But something that tops everything on that list is my new baby girl.

I have taken the past eight weeks off from doing something I love that in the end means nothing to spend time with someone I now adore and that now means everything. Now that things are starting to get back to a normal schedule (or as normal as it will be), I hope to be able to pick back up where I left off and get back to some research.

While I will never doubt the beauty of my new daughter, beauty on the baseball field or in the box score is something that has been debated for more than a century. Specifically with statistics, as we have seen in the past, the naked eye can often lie when it comes to observing and, in turn, trying to qualify a “good” player. Everyone knows the old quote from Bull Durham about the difference between a .250 hitter and a .300 hitter:

“…one extra flare a week, a ground ball, a dying quail… you’re in Yankee Stadium.”

Essentially, it’s VERY hard to tell between a mediocre, .250 hitter and a great .300 hitter. So when fans, announcers, managers, or anyone make general statements about how hitters perform based on what they see or what they believe, it’s always best to take it with a grain of salt.

A situation like this came up towards the end of the 2007 regular season as I was watching an Astros/Brewers game in late September.

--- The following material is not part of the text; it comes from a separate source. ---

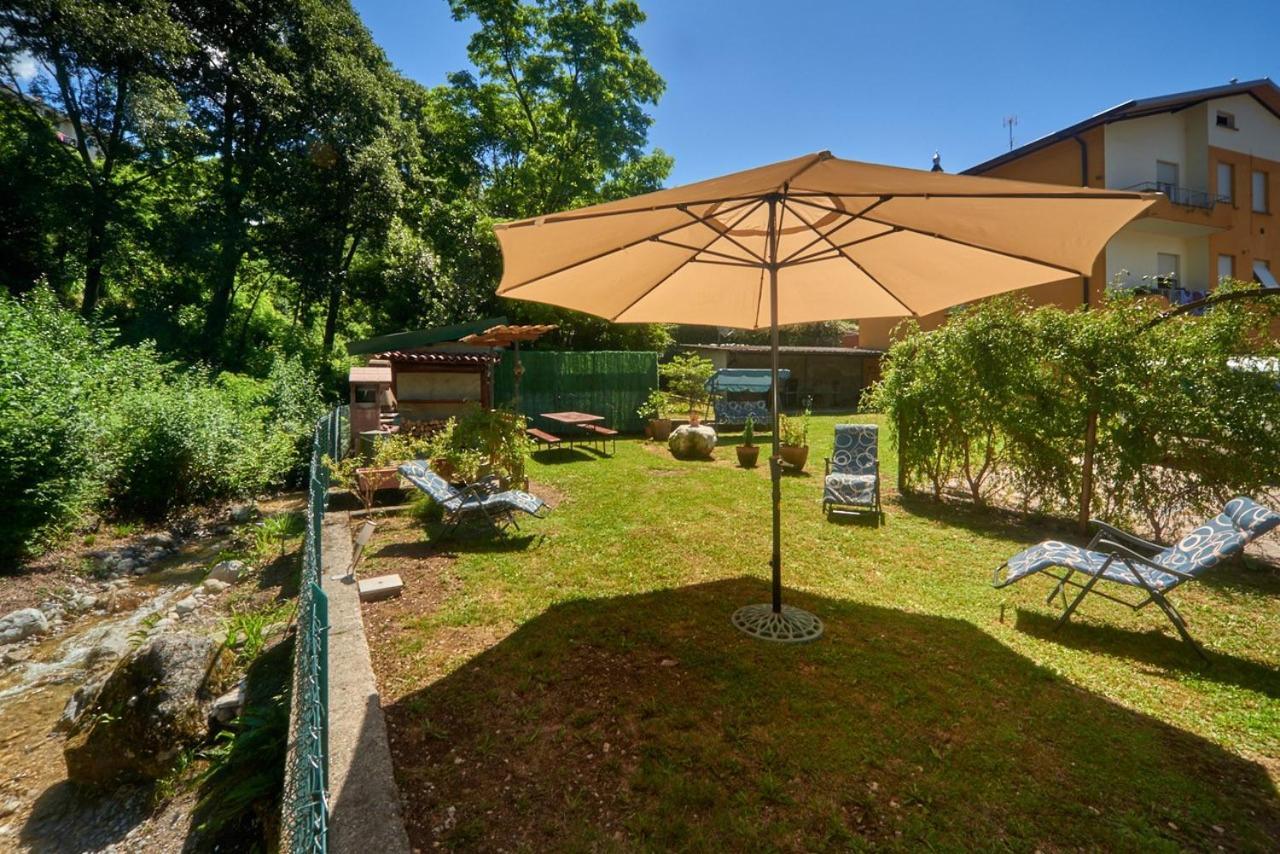 Casa Della Nonna Lägenhet Abbadia Lariana Exteriör bild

In a game that featured two of the Majors’ top rookies for the season, the announcers on Fox Sports began discussing the value that Hunter Pence and Ryan Braun had on their teams this past year. In noting that both of them had very good batting averages (Braun finished the year at .324, Pence at .322) a comment was made along the lines of “rookies will typically hit for a higher average when they arrive in the majors because the quality of the pitchers is much better in the majors and they are able to be around the plate much more than their minor league counterparts.”

I don’t have the transcript of the game in my possession, so please don’t take that word for word, but the general idea is there. That because hitters see more hittable pitches when they come to the majors, they will be better hitters when it comes to average.

So I immediately thought, can this be true? Never mind that pitchers in the majors hit their spots better and their fastballs are faster and their breaking balls have more movement. And forget that defenses are better, travel is more brutal, and playing time for rookies is usually more sporadic; does that actually translate into better stats for rookies when they are facing tougher competition? That got me thinking about 2007 and using it as a case study for rookie production in the majors vs. their minor league numbers.

These broadcasters did not qualify their statement by specifying any level of the minor leagues, so it is pretty easy to pull a list of rookies and their 2007 MLB batting averages and compare them to their minor league career averages. I chose rookies with at least 150 plate appearances so we could see hitters who at least had routine/daily at bats. Here is the list of the 55 who qualified (actually there were 56, but Akinori Iwamura has no minor league stats to work with) ranked in order of their 2007 MLB batting average:

rookie-average-2007.jpg

A simple count of these rookies shows that only 14 out of 55 (or 25%) out-performed their career minor league batting averages in their first major league season. And out of those 14, four of them beat their minor league total by .005 or less. Running a simple correlation of the two sets of numbers shows that the two sides (minors and MLB 2007) are not statistically significant (with r=.191 and p=.162). Simply speaking, looking at a player’s minor league average before 2007 would not be a good way to predict or even estimate their batting averages as a major leaguer in 2007.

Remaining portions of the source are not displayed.